Biden, the Saudis, and Arms and Human Rights
by Mitchell Bard
Headlines hailed the participation of countries from around the world in a climate summit aimed at achieving international consensus on steps to “save the planet” with President Joe Biden leading the charge. One of the essential elements the president has stressed is the need to reduce reliance on fossil fuels, and yet he has been begging Saudi Arabia to increase fossil fuel production.
Not really, if you know the history of US-Saudi relations.
Recall that since the presidential campaign, Biden has tried to position himself as a human rights president. Biden seemed determined to make an example of the Saudis and downgrade our decades-long relationship with the kingdom and call out Crown Prince Mohammed Bin Salman (MBS) because of his role in the murder of journalist Jamal Khashoggi.
But like other presidents, Biden faced the choice of acting on principle or on national and personal interest — and, like his predecessors, wasted no time largely abandoning principle.
Cutting fossil fuel use is secondary to Biden’s political survival. He fears that as energy prices rise, the economy will tank, and with it the Democrats’ hope for retaining political power.
Conservatives have lambasted Biden policies that have hamstrung the domestic oil industry after the United States had become the largest oil producer in the world, and was less affected by the machinations of OPEC. The members of OPEC have taken advantage of the situation by reducing oil supply to drive up energy prices. Rather than reverse policies that would anger his base, the president has taken the tried-and-true path of begging the Saudis for help and offering them weapons in exchange.
Is it a pure coincidence that the administration offered Saudi Arabia 280 air-to-air missiles valued at up to $650 million earlier this month?
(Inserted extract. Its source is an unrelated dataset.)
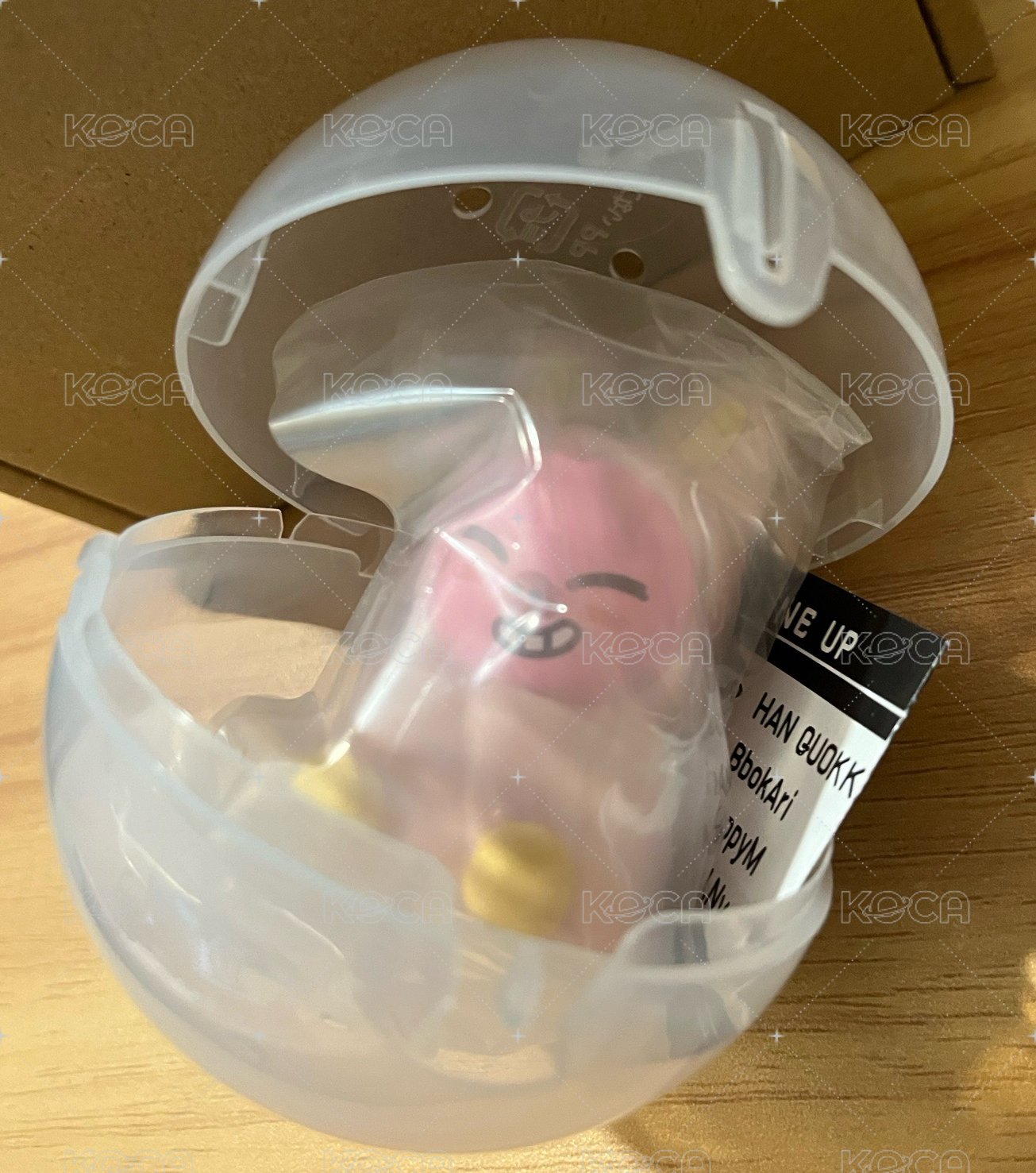 可愛菲+可愛彬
The United States has been playing this arms-for-oil game for decades. We have ignored the Saudis’ human rights abuses, support for radical Islam, and actions that undermine American interests in exchange for lower oil prices. The Saudis depend on America’s security umbrella to keep their royal heads on their royal shoulders but still buy weapons that can’t protect the kingdom (see the Yemen war), but allow them to feel more secure and boast to their neighbors and subjects that they have the latest and greatest technology.
Arms sales also help US leaders politically. Contractors and subcontractors based in states across the country benefit from producing more weapons. The Arab lobby, which includes Saudi officials and their lobbyists, in addition to defense industry leaders and lobbyists, legitimately argue that jobs are created to bolster the local and national economy, and thereby help incumbents.
Is it any wonder that both Barack Obama and Donald Trump agreed to Saudi arms packages worth $100 billion and that Congress was unwilling to oppose them?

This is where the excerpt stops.